I got very lucky in the husband department I think. He isn't afraid of housework and often does the laundry and does very good basic cooking. Usually, he makes things like burgers and fries, homemade pizza, spaghetti or boxed meals like Hamburger Helper which aren't really going to win any cooking contests, but they certainly are better than nothing at all or a cold sandwich when I'm in a bind for time.
He also makes the best scrambled eggs ever. His are even better than mine I think, so he often handles breakfast on Sunday mornings for the family and wakes me to a fresh cooked breakfast after working late the night before.
He also does a great job grocery shopping. He always follows the list and pays attention to my recipes and usually will add things if I forgot something. Because I work late at night and my husband works days, he usually shops while I'm still in bed on Saturday mornings. Actually, he shops when most people are in bed I think because he usually goes between 6 and 7 a.m.
The problem with that time of day is that if he goes to our local grocery store they are not a 24-hour store. They open at 6 a.m., but the deli does not really get things going until after he is already home from the store and putting things away. This only becomes a problem when I need something specifically from the deli.
Not long ago, I received a cookbook in the mail, it is one that a company publishes new versions of each year, and I purchase a copy of every year. I absolutely love the recipes and usually mark several pages to try out.
One was a recipe for a chicken dish containing deli made rotisserie chicken. Since my husband shops so early in the morning, the deli hadn't even begun to cook the fresh chicken for the day. Instead, he purchased raw skinless, boneless chicken tenders. His theory was that I could probably still make the dish with them. He also did not purchase precooked bacon, which the recipe also called for but bought fresh bacon. I didn't mind that really because I'm not a big fan of precooked bacon anyway.
My problem, though, was how to make the skinless chicken tenders taste like rotisserie chicken with just the spices I had at home. I was quite annoyed at first but thought I could salvage things. So I got on the Internet and started looking up homemade rotisserie seasoning recipes.
I checked out several recipes and saw a common theme among them and then wrote my own pooling the ideas I had found.
My only problem is that I did too good of a job, because now my family would rather have my homemade recipe than ever eat a rotisserie chicken from the deli again. I might have defeated myself a little bit there, but it isn't that much extra work and the results are better to me. No tough skin and less grease, plus no dark meat that will be picked over or left over.

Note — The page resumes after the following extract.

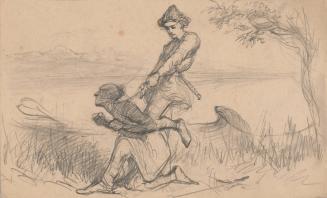Voyageur Struggling with an American Indian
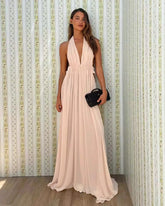 Pink Deep V-neck Backless Halter Maxi Dress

Since the recipe in question was published in a major brand name cookbook and doesn't belong to me, I cannot share it here but I can share my recipe for homemade rotisserie chicken seasoning. You can use it like I did on boneless chicken tenders, cut them up and mix them with a bit of mayonnaise and have a very good chicken salad for sandwiches, use them in a salad with fresh veggies or serve them as tenders with rice and steamed or roasted vegetables. The cookbook if you have it though is the Pillsbury Annual Recipes 2008, the recipe is Cheesy Chicken Oven Fries.
Tam's Rotisserie Seasoning
4 teaspoons salt
2 teaspoons paprika
1 teaspoon onion powder
1 teaspoon garlic powder
1 /2 teaspoon pepper
1 rounded teaspoon dried thyme
1/ 4 cup extra virgin olive oil
Note: This amount works for about 2 to 2 and a half pounds of skinless boneless chicken tenders or breasts. If you are using breasts, pound them out so that they will cook evenly in the oven.
Preheat oven to 350. Mix all the dry ingredients in a small bowl. Wash and pat dry the chicken with paper towels. Line a baking sheet with foil and then coat each chicken tender or breast with the oil. I tend to do this in a large bowl and just stir them all around until they are all coated. Lay them out on the baking sheet and sprinkle with the seasoning mix on both sides. I just use a spoon to do this but you can use a spare spice shaker as long as the openings are large enough for the dried thyme to pass easily through them. Once coated, place uncovered in the preheated 350 degree oven and bake for 18 to 30 minutes, be sure to check them at about 18 minutes and adjust the time as needed to cook the chicken until completely white inside and juices run clear.
You can also cook the breasts or tenders on the grill or use the seasoning on a whole chicken and bake or grill.